Quais os lugares que você mais gosta de frequentar?

Já falei de bares e parques, então aqui vou comentar sobre as lojinhas retros! Eu gosto de garimpar e Budapest tem muitos achados. A Sputnik, por exemplo, é uma loja que mistura vintage/brechó com produtos atuais, uma especie de releitura fashion. Tambem tem a Retrock, bem anos 60. A rede de secondhand chamada “Cream” tem jaquetas de inverno lindas por menos de 30 reais! (uns 3 500 florints, moeda local)

Quais os lugares que não estão nos roteiros turísticos típicos mas vale a pena conhecer?

De bicicleta, vale a pena subir a AndrassyUtca (avenid nobre) até as mansões abonadas e embaixadas.  Também gosto muito do pôr do sol na Citadella ou na libertybrigde. Alias, essa é uma das principais pontes sobre o Danubio e durante o verão rola festas e músicas ao vivo! Só checar a programação do http://welovebudapest.com/

 Pôr do sol

Qual o custo de vida da cidade?

Alem da moeda ser desvalorizada em relação ao euro, o custo de vida também é barato. Uma cerveja custa 300 florins, isso é um pouco menos que 1 euro! Por isso Budapest tem atraído muitos turistas (principalmente jovens mochileiros) e empresas multinacionais que instalam seus business hubs aqui em busca de mão de obra qualificada e barata.

O que você mais gostou de fazer durante sua estadia?

Até o momento, o dia que mais lembro com carinho foi meu aniversario. Eu tinha acabado de chegar na cidade, mas como gosto de comemorar, fiz um evento no Facebook e convidei todo mundo que eu conhecia na cidade para um picnic na Margaret Island. A galera trouxe comida, bebida e instrumentos musicais. Virou uma grande festa até o por do sol! Também gostei muito de passar o natal com a família do meu namorado Húngaro, foi um ‘’white Cristmas’’ como nos filmes americanos.

 Picnic de aniversário

O que não se pode deixar de trazer de lá?

Páprica (pimenta típica) – tem uma versão doce e uma picante. Os húngaros usam para fazer seus principais pratos típicos. Palinca – cachaca húngara.

No geral, como foi sua experiência? O que você recomendaria e não recomendaria?
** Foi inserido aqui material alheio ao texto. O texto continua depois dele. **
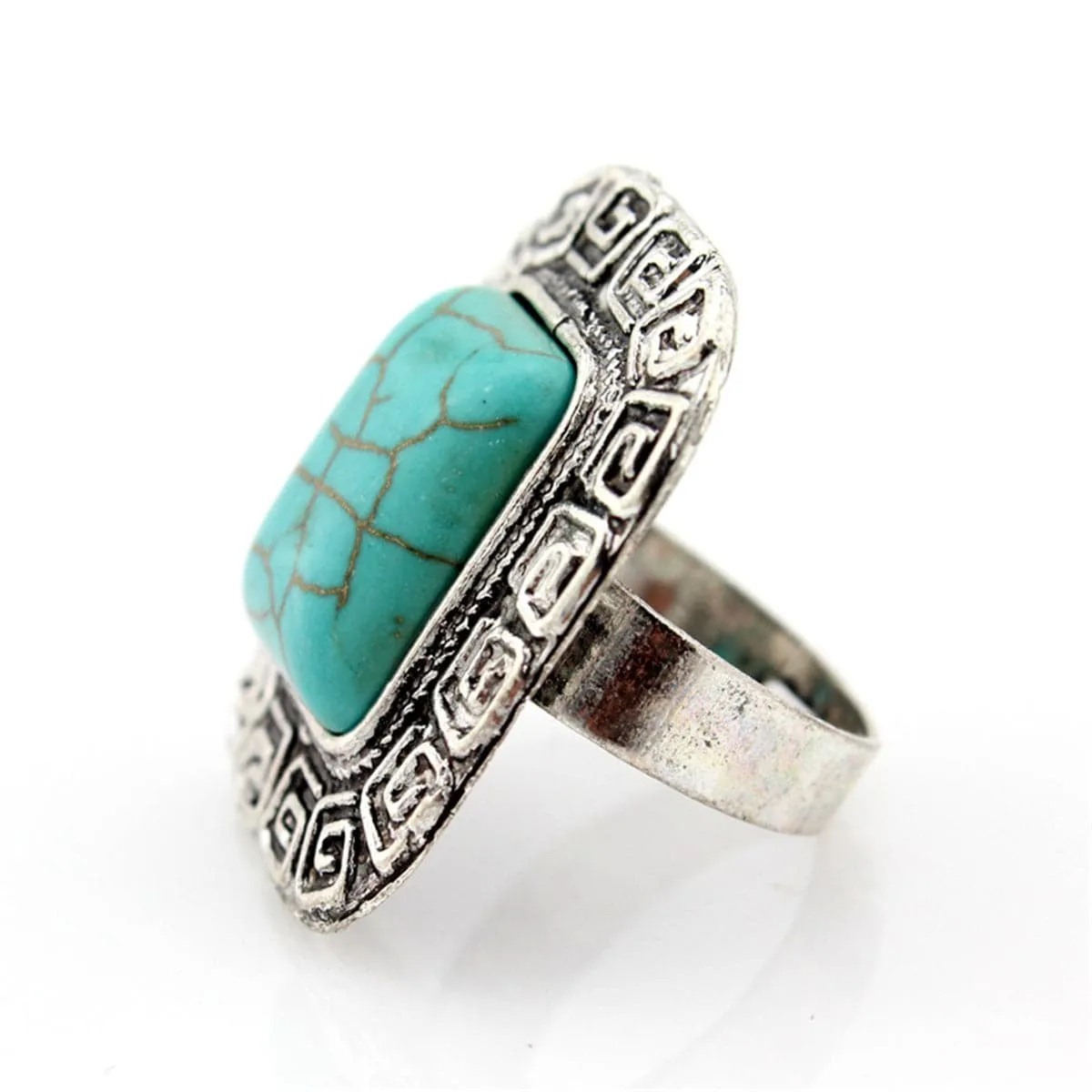 Turquoise & Silver-Plated Emerald-Cut Ring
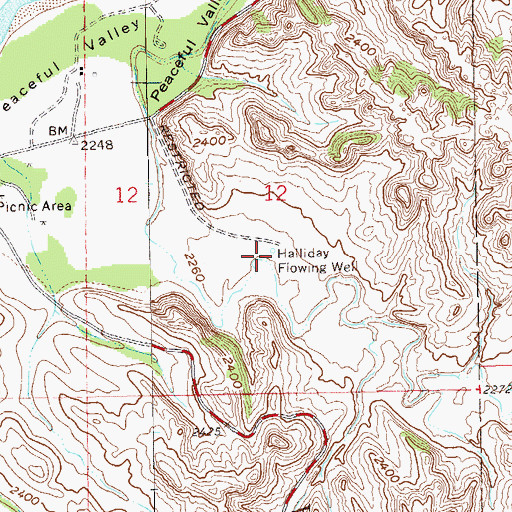Topographic Map of Halliday Flowing Well, ND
Ter vindo para Budapest foi uma das melhores escolhas que eu poderia ter feito. Sinto que estou vivendo meus 20 poucos da forma que eu sempre sonhei…muito bons momentos, auto conhecimento e rodeada de pessoas especiais.

Alguma curiosidade que deseja compartilhar?

Chico Buarque, em seu livro, Budapest, ja avisou: Húngaro é a única língua que o diabo respeita!